# How do you feed a TBBH?



## Batt (Sep 8, 2006)

I have a Kenyan style TBBH I'm getting ready for spring. The bee entrance(s) are basically 3 - 1" holes, no landing ledge. How do you feed them??


----------



## bluefish (Jan 27, 2006)

I'll try to describe my setup, it's too cold to open them up and take a pic. One of my follower boards has a hole drilled near the bottom. On the other side there is a small 'box' for lack of a better word, that is covered with screen. I set a quart jar of honey or sugar water on that screen. There is a loop of wire attached to the board that supports the top of the jar. The bees enter through the hole and can access the feed slowly dripping through the holes in the lid of the upside down quart jar, but can't access the rest of the empty section of hive.

Did that make any sense?


----------



## Batt (Sep 8, 2006)

Yes, and it gives me an idea...How about a 1" or so hole in the follower, with a box on the back end so that a "Bordman feeder" with the bottom removed sit on top of the box? Fix it so I can remove the feeder, plug the hole, and again just have a follower.
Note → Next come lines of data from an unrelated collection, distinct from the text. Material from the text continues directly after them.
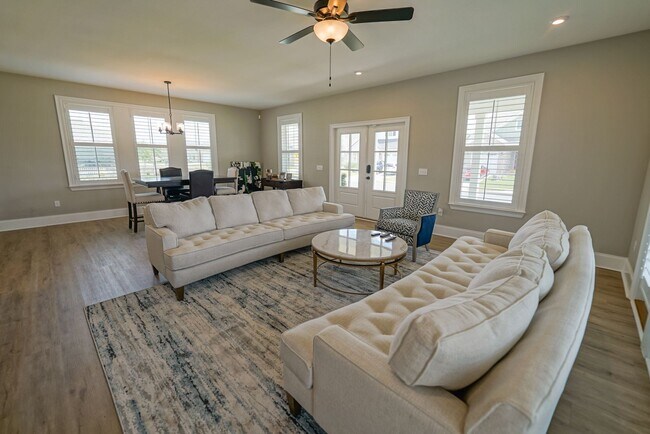 Building Photo - Available end of January in beautiful Summ...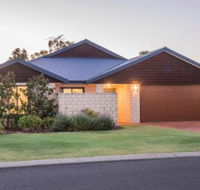 Nyes Nest - Yamba Accommodation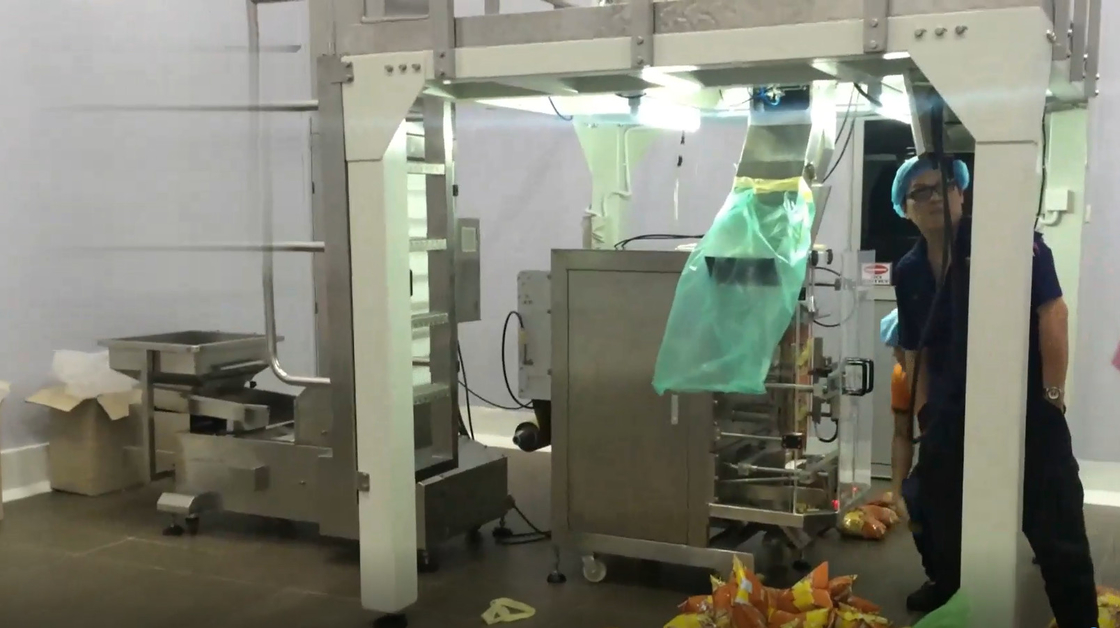 O auto enchimento de peso de VFFS e a máquina de selagem 2.2KW para alimentos de petisco descansam o ensaque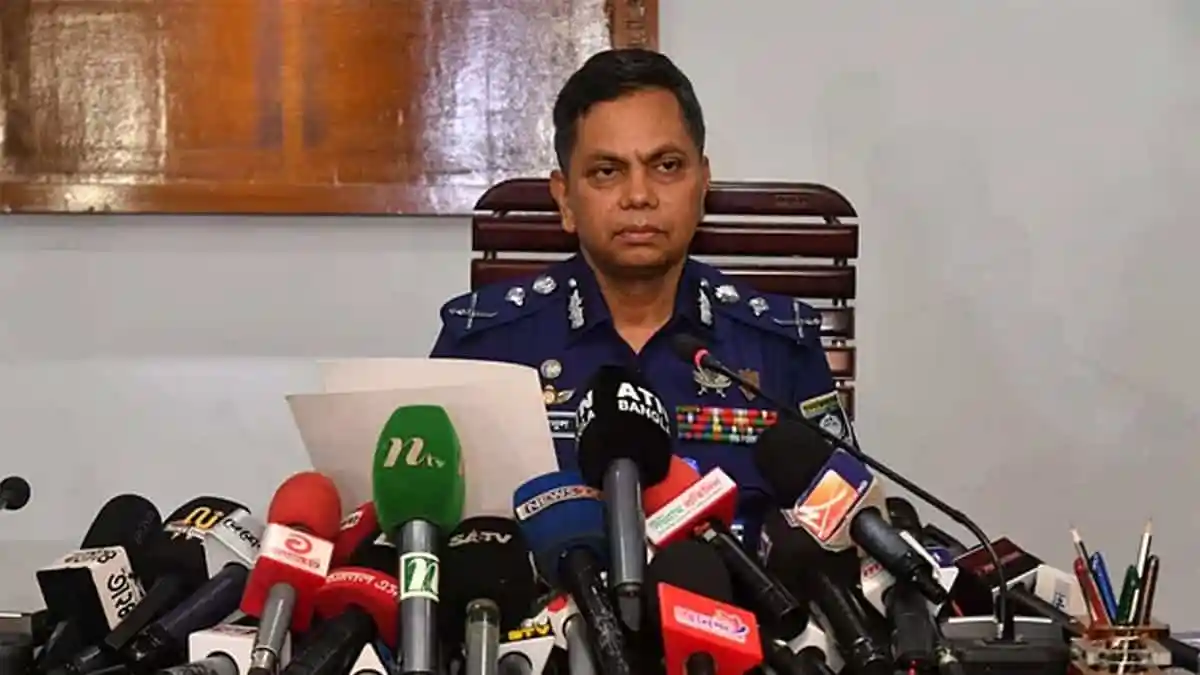 আইজিপি ময়নুল ইসলাম পররাষ্ট্র মন্ত্রণালয়ে ন্যস্ত, সংবাদ সম্মেলনে উপস্থিত. Channel i News - চ্যানেল আই নিউজ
Does that sound right?


----------



## TxGypsy (Nov 23, 2006)

I do not care for 'in hive' or 'on hive' feeders. In my experience they tend to encourage robbing. I prefer to use feeding stations. Place at least 50 ft away from your hives. This can be very simple, such as a container full of sugar solution with a piece of board floating in it.

When I started doing this instead of using hive feeders my robbing problems almost completely disappeared.


----------



## Michael Bush (Oct 26, 2008)

If you have a solid bottom and a tight fit you can pour some syrup on the bottom just before dark every night. If you judge it right they will have it all cleaned up before morning. You can use baggie feeders on the bottom. You can make a frame feeder. you can put some dry sugar on the bottom and wet it enough to get them to take it. You can even mix it up with a little water into a thick dough first and then put it on the bottom...


----------



## Batt (Sep 8, 2006)

Michael Bush said:


> You can make a frame feeder. you can put some dry sugar on the bottom and wet it enough to get them to take it. You can even mix it up with a little water into a thick dough first and then put it on the bottom...


Top Bar Hive, no frames. Bottom is screen only.


----------



## Batt (Sep 8, 2006)

TxMex said:


> I do not care for 'in hive' or 'on hive' feeders. In my experience they tend to encourage robbing. I prefer to use feeding stations. Place at least 50 ft away from your hives. This can be very simple, such as a container full of sugar solution with a piece of board floating in it.
> 
> When I started doing this instead of using hive feeders my robbing problems almost completely disappeared.


Question? Why would 'in hive' or 'on hive' feeders lead to robbing...Don't the robber bees have to get past the guard bees to get to the feed? Pardon my ignorance.


----------



## ET1 SS (Oct 22, 2005)

Our top bar hive has a lid. I can remove the lid and access the top bars. I can place a tin plate on those top bars and then put grease-patties or syrup in the plate.


----------



## TxGypsy (Nov 23, 2006)

Adron said:


> Question? Why would 'in hive' or 'on hive' feeders lead to robbing...Don't the robber bees have to get past the guard bees to get to the feed? Pardon my ignorance.


Yes they do have to get past the guard bees. When active robbing takes place the guard bees get overwhelmed. Especially if you use an entrance feeder. The trespassing bees just nip in and get the sugar water and leave quickly. A really strong hive can repel the robbers. It is your weaker hives that have problems. Once the sugar water is gone the robbers will go after any food stored in the hive proper. Robbing is a really bad habit to get started. In my hives I have observed that a strong hive that starts robbing has a tendency to continue that trend at any opportunity. Funny thing is that it will do so year after year as long as it is a strong colony.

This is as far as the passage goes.